Best Part Number One is that you get to see the Ghost Rider urinating fire for two seconds. Yes, you read that right. That was a good part of the movie. Two seconds.
Best Part Number Two is the idea that the devil can’t do his freaky devil-magic often while inhabiting human bodies because the power of his evil devil-magic is too much for the human body to withstand, and they deteriorate during the process. That was a cool concept. But it may have been ripped off of the television show “Supernatural.”
These two things don’t make the film worth watching.

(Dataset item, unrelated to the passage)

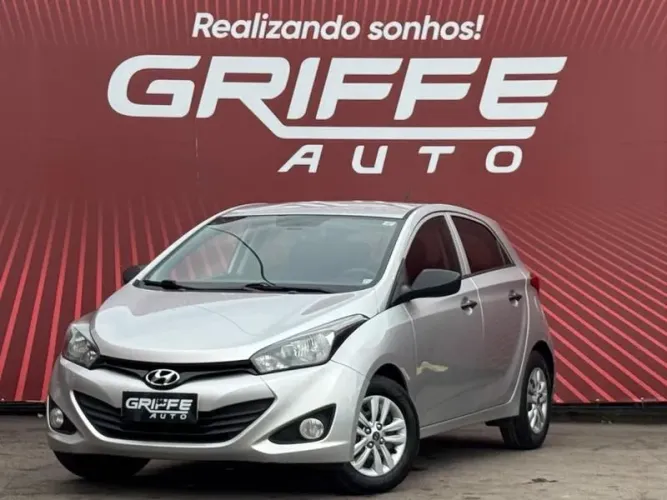 Hyundai HB20 1.0 Ocean 2013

Oh yeah, it was also in 3-D, which every movie that comes out is trying to do. It’s another reason to jack up the price and get people in theater seats. It wasn’t filmed in 3-D, but the effect was applied in post-production. That isn’t true 3-D. True 3-D needs to be filmed with special 3-D cameras made for that purpose. If it’s applied after the fact, you get a lackluster effect — as you see in “Ghost Rider: Spirit of Vengeance.”
To sum up, this movie was pure schlock. You’d be better off paying the $9 to somebody who could use the money for a kick in the groin. OK, maybe it wasn’t that bad. A poke in the eye, maybe. Not the worst movie of the year (the bar has been set rather high … er… low for that one), but it isn’t worth seeing unless you don’t have to pay for it, and you have nothing else to do. By that, I mean absolutely nothing. Watching paint dry is something, and therefore doesn’t count.